Die Freidank-Überlieferung grundlegend neu erschlossen

Besprochene Bücher / Literaturhinweise

Zu den fruchtbarsten Gattungen der mittelalterlichen Literatur zählen Sammlungen von Sprüchen, die in Vers- oder Prosa als ‚Sprichwörter‘, ‚Sinnsprüche‘, ‚Sentenzen‘, ‚Aphorismen‘ et cetera feststellend oder ermahnend Lebensweisheit und Lebensregel formulieren. Zuerst lateinisch, dann auch in den Volkssprachen abgefasst, im Einzelnen ganz unterschiedlich konzipiert, bilden sie ein umfassendes Archiv des Werte- und Orientierungswissens ihrer Zeit. Ihre Pflege lässt sich als Vehikel des Zivilisationsprozesses verstehen, der nach Norbert Elias’ Meistererzählung die Entwicklung der europäischen Gesellschaft zwischen Mittelalter und Neuzeit bestimmt hat. Man darf unterstellen, dass die fortwährende Repetition der Sprüche der prozesstypischen Umwandlung von ‚Fremdzwängen‘ in ‚Selbstzwänge‘ zugearbeitet und damit an der Konditionierung gesellschaftlich erwünschten Handelns mitgewirkt hat.
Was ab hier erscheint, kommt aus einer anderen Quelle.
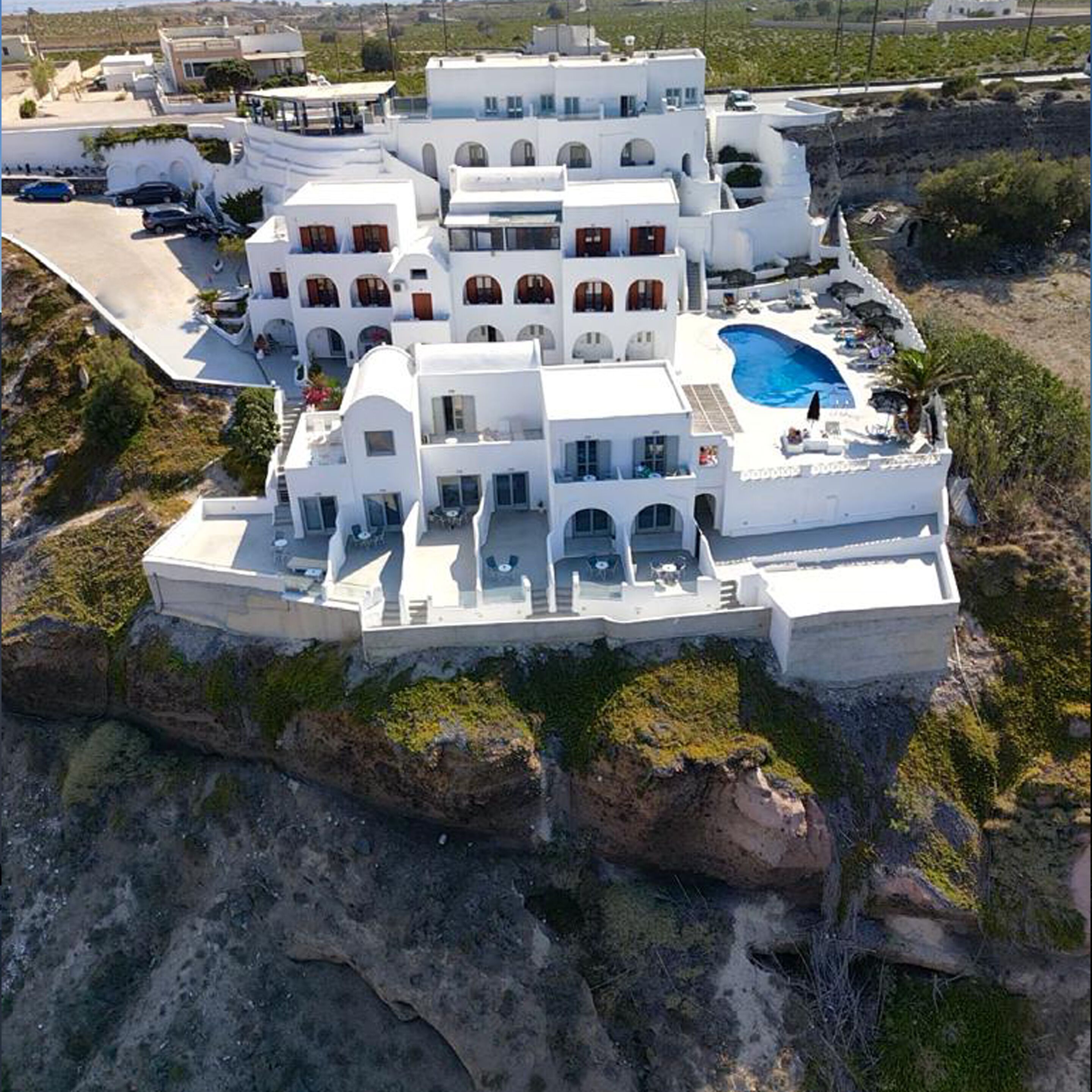 A white, multi-story building with a rooftop pool and outdoor seating area.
In Deutschland hat ein gewisser Freidank (gestorben 1233?) seit dem Ende des 12. Jahrhunderts eine Sammlung solcher Sprüche in mittelhochdeutschen Reimpaarversen verfasst und unter dem Titel Bescheidenheit (das heißt ‚Unterscheidungsvermögen‘ im Sinn von ‚Verständigkeit‘, ‚Vernunft‘, ‚Weisheit‘) zusammengestellt. In annähernd dreihundert Textzeugen (Handschriften, Drucken, Inschriften) überliefert, die vom 12./13. bis ins 17. Jahrhundert im gesamten deutschen und im niederländischen Sprachraum entstanden sind, gehört die Bescheidenheit zu den großen Bucherfolgen des Mittelalters. Das Geheimnis ihrer Beliebtheit liegt in der sprachlichen und gedanklichen Prägnanz vieler Sprüche, die – nach dem Urteil Samuel Singers – „der deutschen Gnome eine mit jeder anderen gleichberechtigte Stellung in der Weltliteratur“ sichern.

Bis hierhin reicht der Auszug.